Antônio Gonzaga Amador e Jandir Jr. começaram a conversa por meio da performance. Em Vidro (2023), a vitrine permanecia praticamente vazia, com exceção dos dois artistas que atuavam como seguranças, vigiando o lado de fora. Vestidos com ternos, com as mãos para atrás, encaravam, pressionavam o rosto contra o vidro, inquietavam quem aparecia. Sobretudo, convidavam. Em tantos momentos, com naturalidade de quem pesquisa sobre segurança, trabalho e racialidade há tempos, sua performance era silenciosa e, beirando a imitação. A estranheza que emerge da situação bagunçava a relação entre quem olha e é olhado, sugerindo vários porquês.

Autoria: Heloisa Nichele/MUPA.
Outra vez, a vitrine caiu. Abriu-se uma plataforma de criação coletiva, espaço para colaboração entre estranhos. Encontros (2024) de Augusto Leal foi assim. Suas instruções eram bastante claras: “Convide uma pessoa para pintar a sua sombra, preferencialmente um desconhecido. Pinte do jeito que quiser”. Sai o vidro, entram as mãos, as cores, as coletividades e os indivíduos. Mais do que fazer um trabalho interativo, Augusto utilizou as minúcias do lugar, aproveitando a entrada de luz natural naquele ponto específico do prédio que favorece o aparecimento de sombras dos espectadores. A partir daí, a vitrine virou espaço de construção.
Em cada projeto há uma conversa entre corpos que se olham, ligados por histórias invisíveis, imperativos reflexivos, presenças inquietantes. Para além da presença poética, também um exercício de delicada montagem, na tensão entre adição e subtração, para encontrar o lugar que potencializa essa troca entre seres e matérias em tom de igualdade – mas não sem tensões.
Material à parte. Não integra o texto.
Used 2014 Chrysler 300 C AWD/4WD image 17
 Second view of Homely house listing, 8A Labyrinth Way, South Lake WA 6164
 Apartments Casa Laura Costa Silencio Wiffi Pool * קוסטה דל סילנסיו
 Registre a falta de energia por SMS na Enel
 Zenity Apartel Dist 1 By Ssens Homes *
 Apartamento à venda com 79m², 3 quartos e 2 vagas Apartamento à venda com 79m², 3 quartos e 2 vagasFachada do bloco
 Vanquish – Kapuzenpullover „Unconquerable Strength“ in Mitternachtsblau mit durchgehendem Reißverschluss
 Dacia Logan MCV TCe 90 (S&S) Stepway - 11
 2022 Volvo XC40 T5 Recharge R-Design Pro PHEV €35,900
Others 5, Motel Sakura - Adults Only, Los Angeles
Neste ano, o Edital Vitrine chega à sua 5ª edição, com o tema Boca de Arquivo. Como sempre, uma articulação entre a natureza da instituição e a arte brasileira atual. Traz, mais uma vez, a força de vontade de fazer um espaço cultural pulsante com a colaboração de outros modos de fazer. Assim, se consolida não somente como edital público (e único) aberto para artistas de todo o Brasil, mas também uma plataforma para ler a história de outros ângulos.